Member of Parliament for Kent, Ontario
- In office October 1925 – September 1926
- Preceded by: James Murdock
- Succeeded by: James Rutherford

Personal details
- Born: Alexander Dew Chaplin 10 April 1872 Port Granby, Ontario
- Died: 18 January 1938 (aged 65) Chatham, Ontario
- Party: Conservative
- Spouse(s): Edith Anne Jackson m. 25 October 1911
- Profession: manufacturer

= Alexander Dew Chaplin =

Canadian politician

Alexander Dew Chaplin (10 April 1872 - 18 January 1938) was a Canadian businessman and politician. Chaplin was a Conservative member of the House of Commons of Canada. He was born in Port Granby, Ontario and became a manufacturer.

The son of William Lamont Chaplin and Harriet Dew, he was educated in St. Catharines, Ontario and Toronto, Ontario.
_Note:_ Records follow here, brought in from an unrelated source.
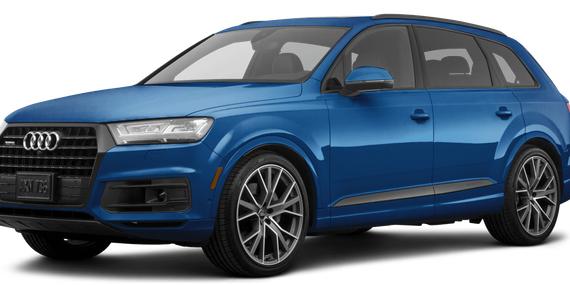 AUDI Q7 2019 WA1VAAF70KD024754 image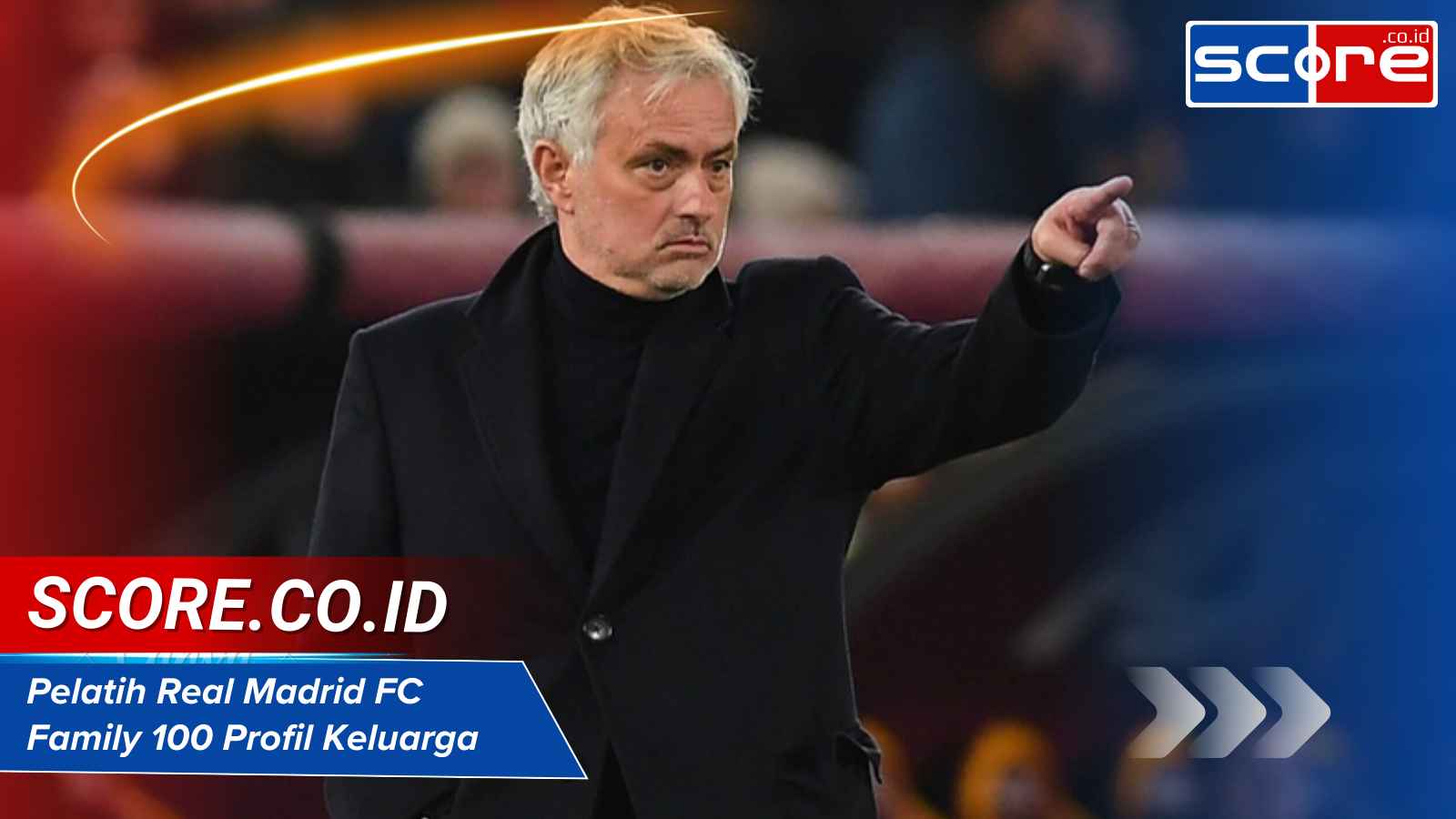 Pelatih Real Madrid FC Family 100 Profil Keluarga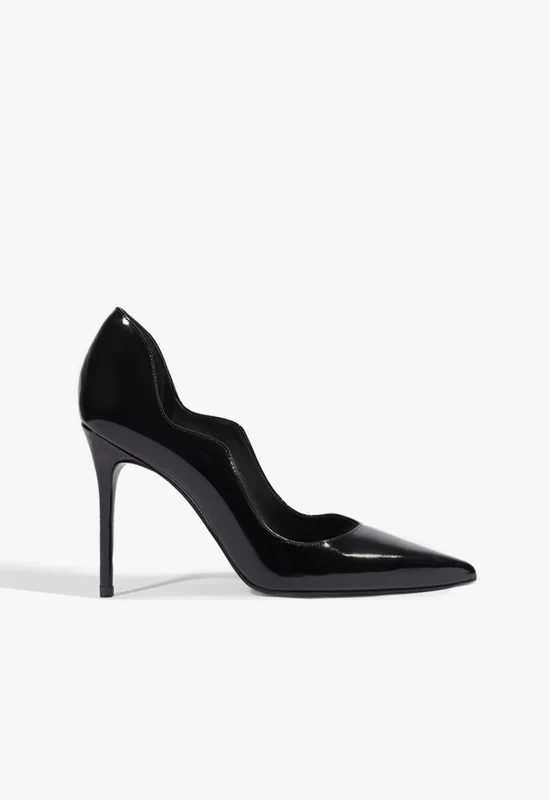 Ophelia Patent Pump 8 / Black / Patent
Chaplin was managing director and secretary-treasurer for the Chatham, Ontario based Hayes Wheel Company of Canada and was first elected to Parliament at the Kent, Ontario riding in the 1925 general election. After serving one term in Parliament, Chaplin was defeated in the 1926 federal election by James Rutherford of the Liberal party.

His brother James Dew and his nephew Gordon Chaplin also served in the House of Commons.